Os confrontos recomeçaram na segunda-feira, 8, em cinco áreas da fronteira disputada, segundo o exército tailandês. Ambos os lados se acusavam mutuamente. O Ministério da Defesa do Camboja afirmou que suas forças foram atacadas, mas não revidaram e estavam respeitando o cessar-fogo após “numerosas ações provocativas”. Moradores cambojanos, por meio de uma estrada na província de Preah Vihear, deixaram a área de fronteira disputada.

A Tailândia realizou ataques aéreos contra o que alegou serem instalações militares cambojanas. O exército tailandês também afirmou que suas tropas foram atacadas e acusou o Camboja de disparar foguetes BM-21 montados em caminhões contra áreas civis. Segundo o exército tailandês, as forças cambojanas usaram lançadores de granadas, artilharia e drones para lançar explosivos sobre bases tailandesas. A força aérea tailandesa informou que seus caças lançaram ataques aéreos no início da manhã, visando instalações militares, com base em avaliações operacionais que indicavam que o Camboja havia mobilizado armamento pesado e reposicionado unidades de combate.

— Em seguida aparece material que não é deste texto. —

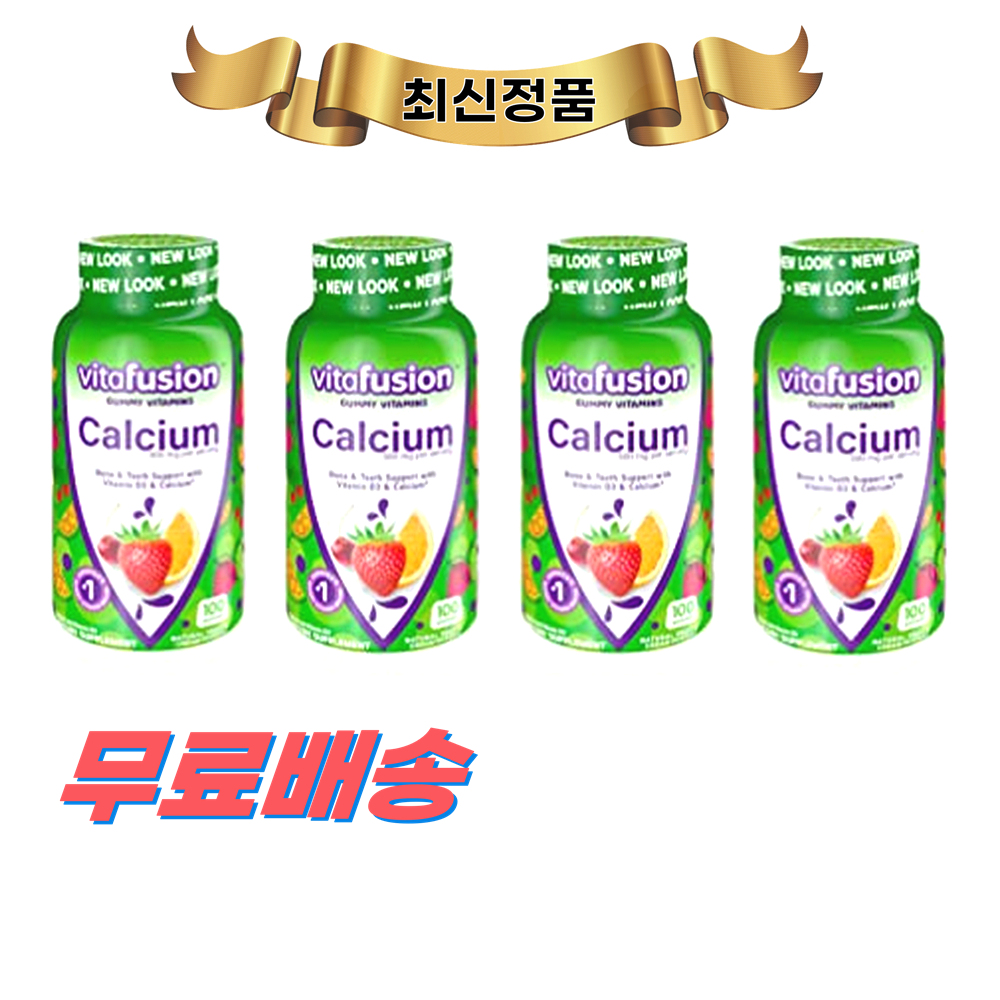 <b>비타</b>퓨전 <b>칼슘</b> 500mg 100정 4통 Vitafusion Calcium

A retomada dos confrontos é a mais grave desde a troca de foguetes e artilharia pesada que durou cinco dias em julho, marcando o pior conflito entre os dois países na história recente. Pelo menos 48 pessoas morreram e 300 mil foram deslocadas antes da intervenção do presidente dos Estados Unidos, Donald Trump, para negociar um cessar-fogo.